Conclusions on Mathematics Education from 1945 to 1998

BACK TO THE MATH HOMEPAGE

     It's rather difficult to say just how much has really changed in the last half decade of math education.  While attempts to progress and apply innovations to the field have been frequent, they have been met with only partial success.  The elementary teacher's lack of foundation in math has surely impeded the advancement of math education, and future directions in mathematics should bear this in mind.

     The history of math education reflects this slow pace of change.  While math educators have recognized new directions in mathematics as having to be palatable for the classroom teacher, meaningful approaches to this end were slow in developing.  Even through shifts in math education thinking, our interviews are demonstrative of the fact that teachers always approach the subject matter from their own perspective.  Often this frame of reference for mathematics emerged from the teachers' personal experiences as students.

     Textbooks have also shown the progression of math education, often lending themselves to pedagogical practice, becoming profoundly valuable teachers' aids.  With greater demands on teachers to teach more complicated and conceptual mathematics, however, the textbook as the panacea for teachers is a remnant of a bygone era.  The future for elementary math teachers, then, is unclear.

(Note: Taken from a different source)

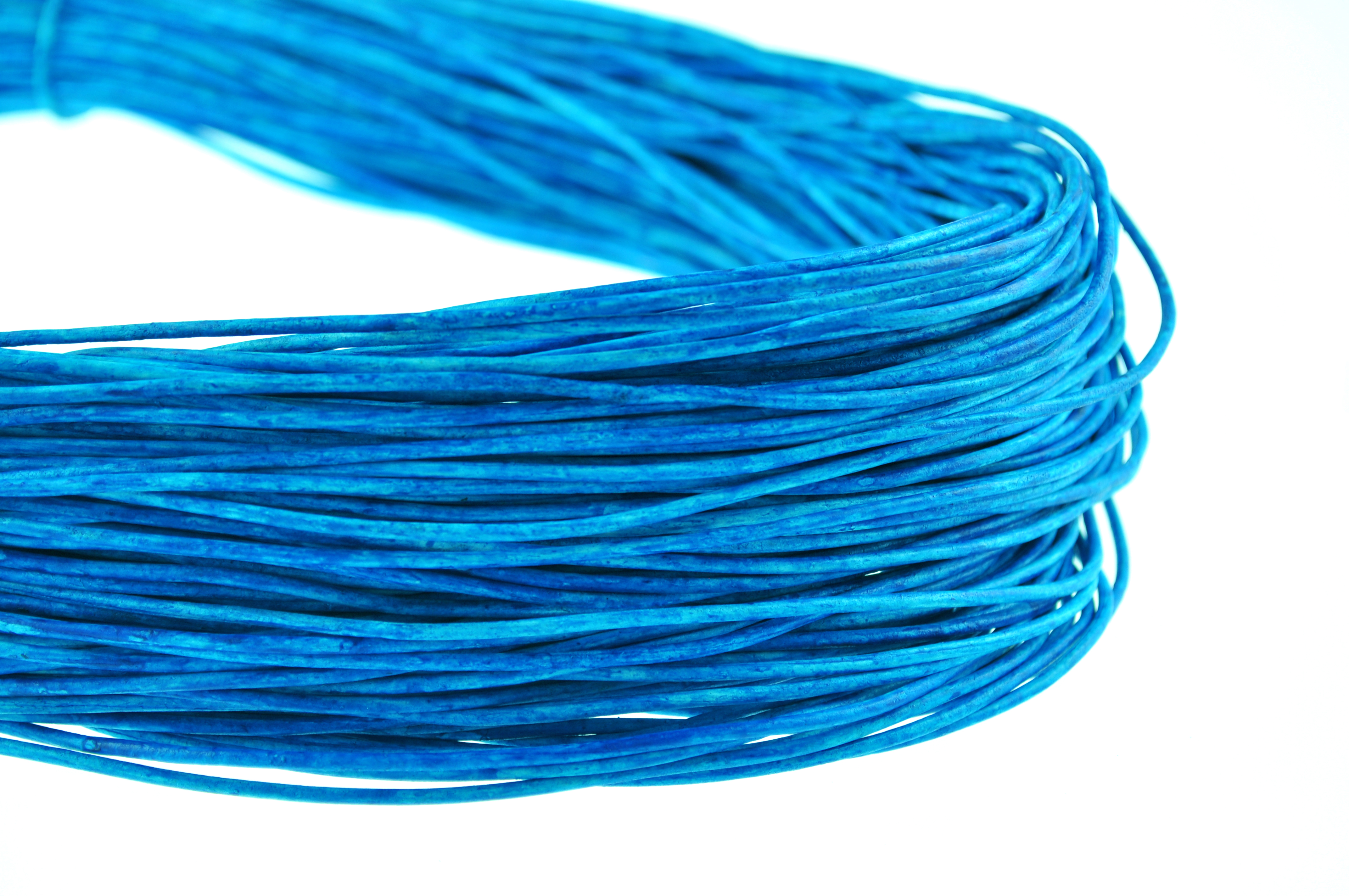 Lederschnur Rund 2 mm - Mesh Azur Blau. Länge: 50 m auf Rolle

     It seems that curriculum is one of the few areas that fails to recognize some teachers' difficulties with mathematics.  The new demanding math curriculum, with a lack of supplementary documentation and in-service support may very well meet the same end as other curricula, where lofty objectives are never fully realized.  Perhaps future math educators will heed the warnings of history, and focus on mathematics for elementary teachers in a new way, where teachers will be able to teach with comfort, and students able to learn to meet the expectations of the coming age.